Kitada K, Daub S, Zhang Y, Klein JD, Nakano D, Pedchenko T, Lantier L, LaRocque LM, Marton A, Neubert P, Schröder A, Rakova N, Jantsch J, Dikalova AE, Dikalov SI, Harrison DG, Müller DN, Nishiyama A, Rauh M, Harris RC, Luft FC, Wassermann DH, Sands JM, Titze J.

Abstract

Natriuretic regulation of extracellular fluid volume homeostasis includes suppression of the renin-angiotensin-aldosterone system, pressure natriuresis, and reduced renal nerve activity, actions that concomitantly increase urinary Na+ excretion and lead to increased urine volume. The resulting natriuresis-driven diuretic water loss is assumed to control the extracellular volume. Here, we have demonstrated that urine concentration, and therefore regulation of water conservation, is an important control system for urine formation and extracellular volume homeostasis in mice and humans across various levels of salt intake. We observed that the renal concentration mechanism couples natriuresis with correspondent renal water reabsorption, limits natriuretic osmotic diuresis, and results in concurrent extracellular volume conservation and concentration of salt excreted into urine. This water-conserving mechanism of dietary salt excretion relies on urea transporter-driven urea recycling by the kidneys and on urea production by liver and skeletal muscle.
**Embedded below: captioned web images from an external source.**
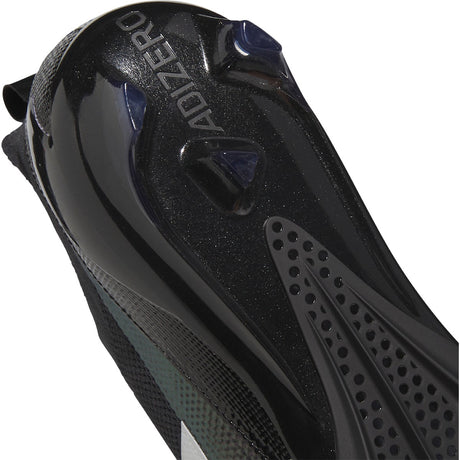 adidas Men's adizero Electric + Football Cleats-5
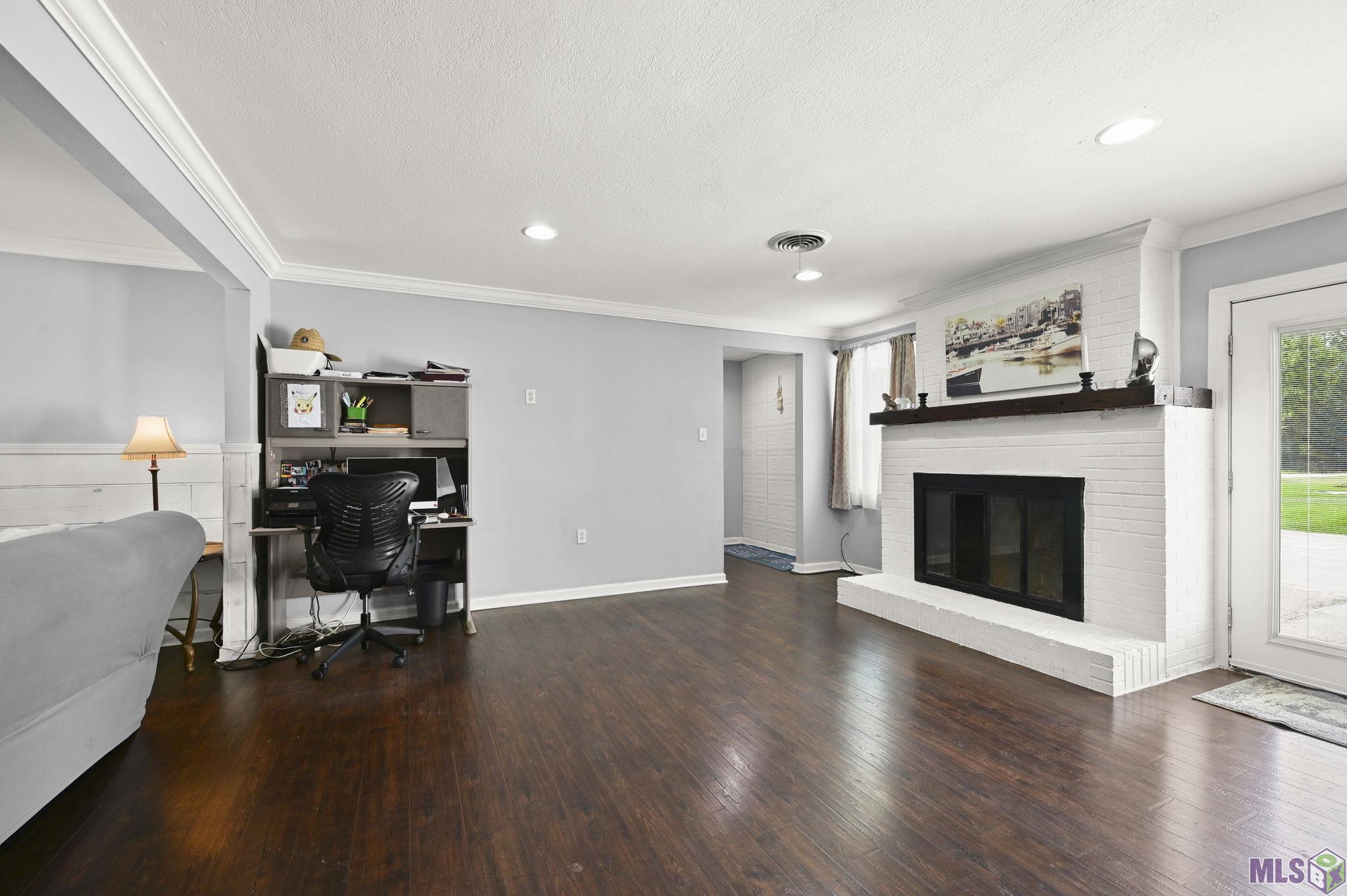 17805 Greenwell Springs Road Greenwell Springs, LA 70739 - Photo 6 of 22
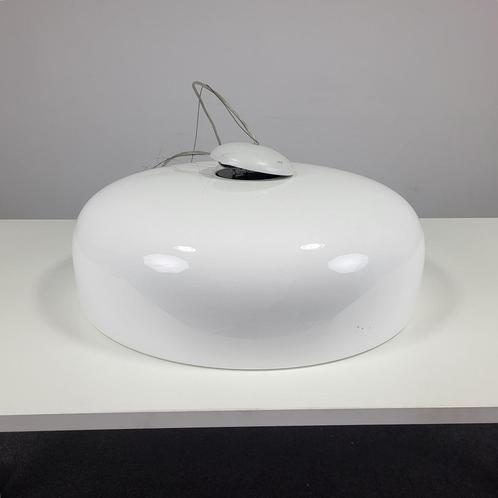 Flos Smithfield S Hanglamp D, Zakelijke goederen, Kantoor en Winkelinrichting | Kantoorartikelen, Gebruikt, Ophalen of Verzenden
The energy-intense nature of hepatic and extrahepatic urea osmolyte production for renal water conservation requires reprioritization of energy and substrate metabolism in liver and skeletal muscle, resulting in hepatic ketogenesis and glucocorticoid-driven muscle catabolism, which are prevented by increasing food intake. This natriuretic-ureotelic, water-conserving principle relies on metabolism-driven extracellular volume control and is regulated by concerted liver, muscle, and renal actions.